What you are asked to do ->
Set the listing down again in full, word for word, with the pictures left out.

Given information ->
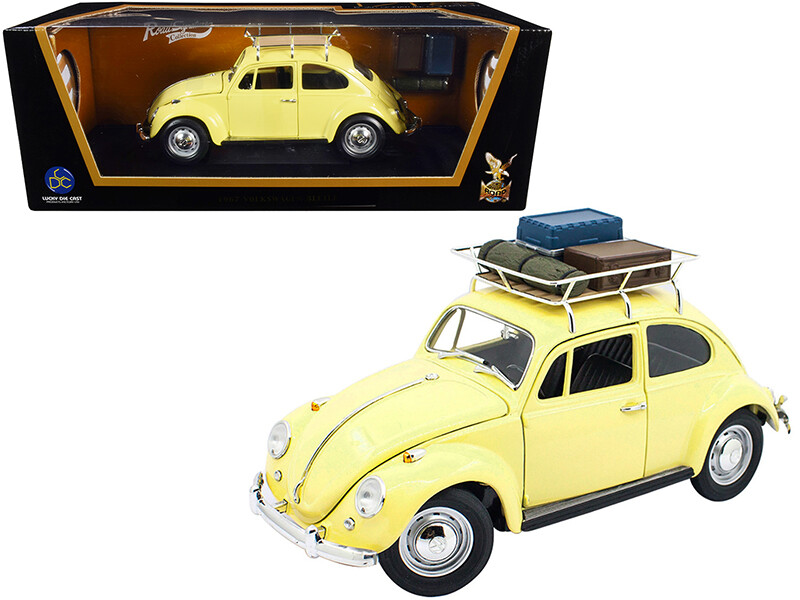 1967 Volkswagen Beetle with Roof Rack and Luggage Yellow 1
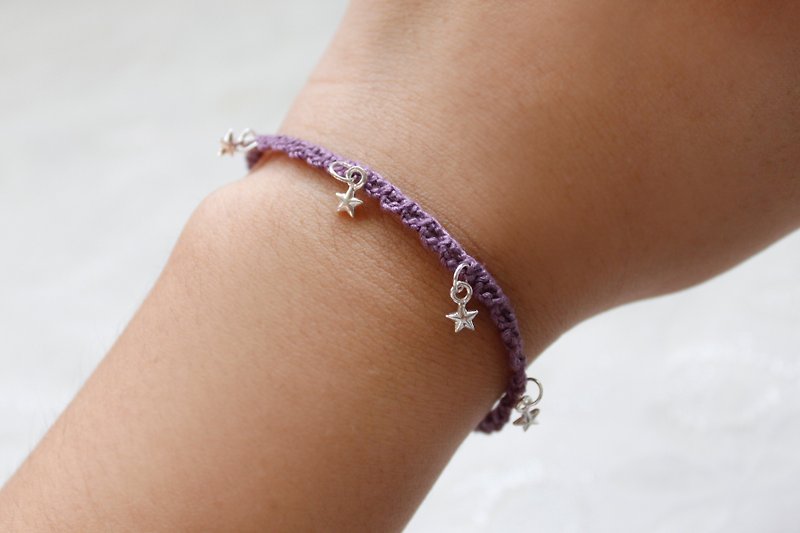 纯银。闪闪小星星。编织手链 - 手链/手环 - 棉．麻 紫色
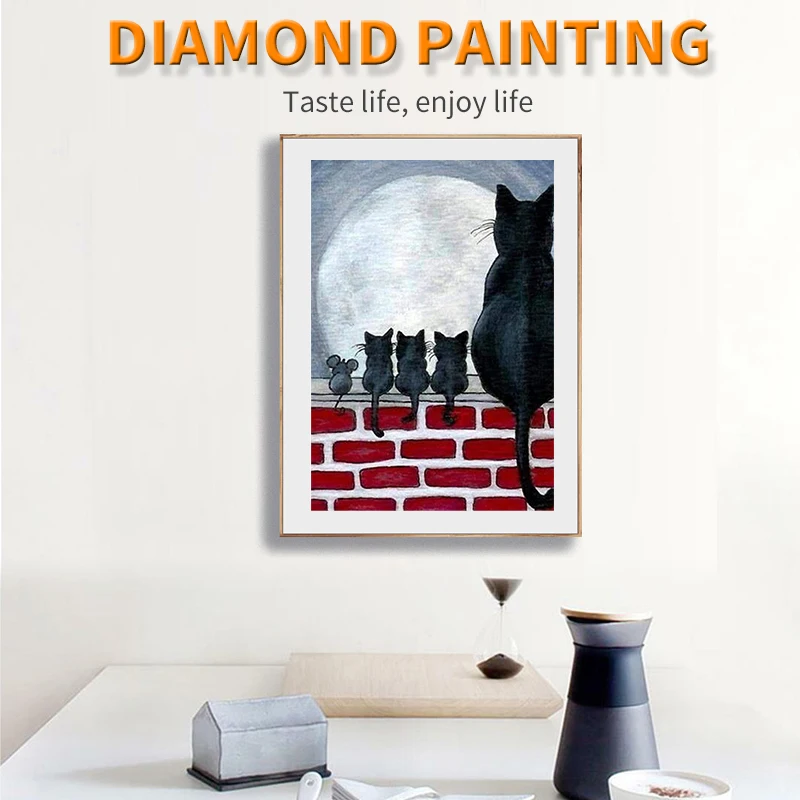 

5D DIY Diamond Painting Black Cat Mouse Moon Night Embroidery Full Drill Cross Stitch Mosaic Rhinestone Home Decor Handmade Gift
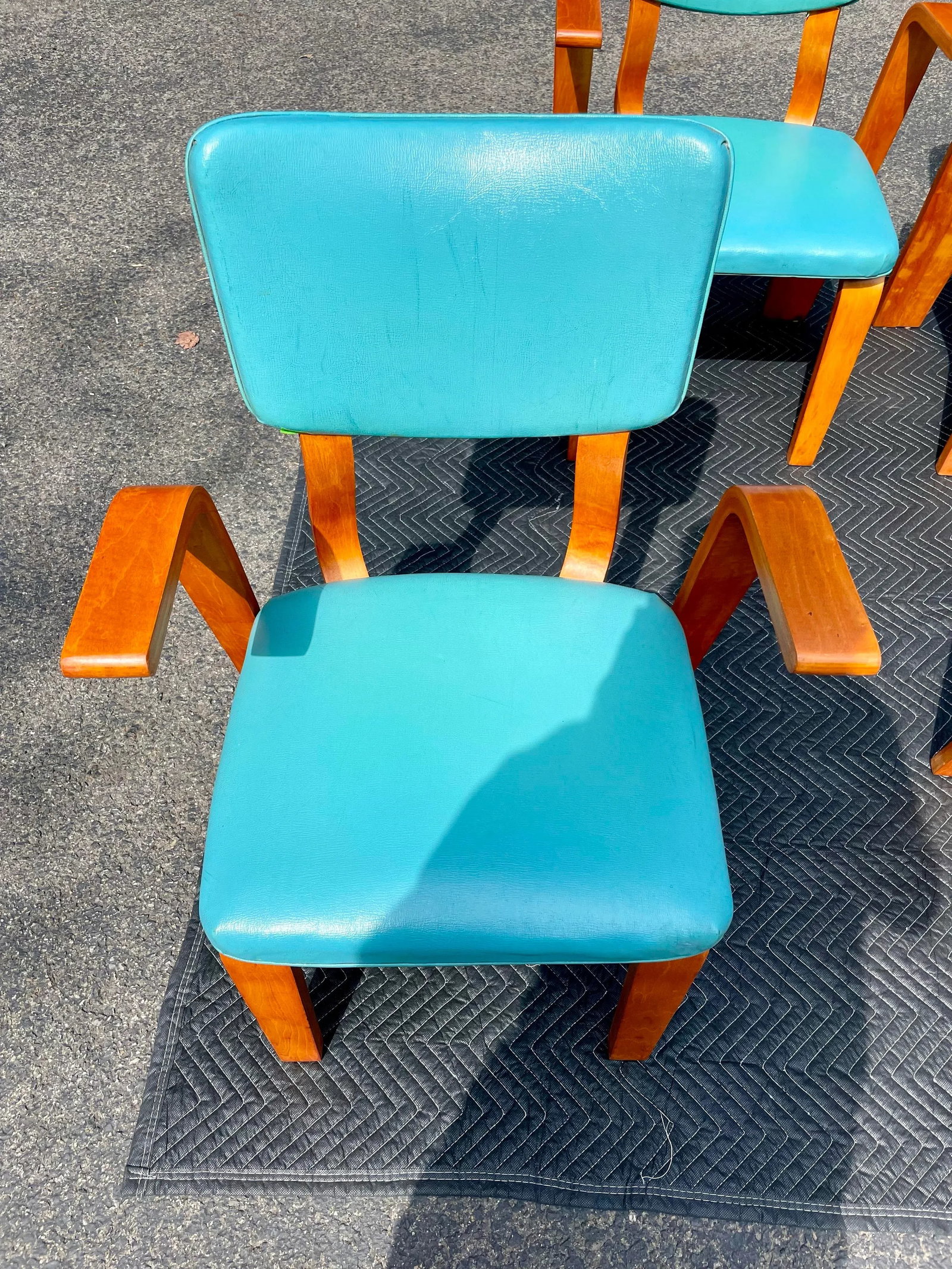 Thonet Mid Century Modern Bent Plywood Arm Chairs - Set of 4 - 6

Output for this task ->
 1967 Volkswagen Beetle with Roof Rack and Luggage Yellow 1
 纯银。闪闪小星星。编织手链 - 手链/手环 - 棉．麻 紫色

5D DIY Diamond Painting Black Cat Mouse Moon Night Embroidery Full Drill Cross Stitch Mosaic Rhinestone Home Decor Handmade Gift
 Thonet Mid Century Modern Bent Plywood Arm Chairs - Set of 4 - 6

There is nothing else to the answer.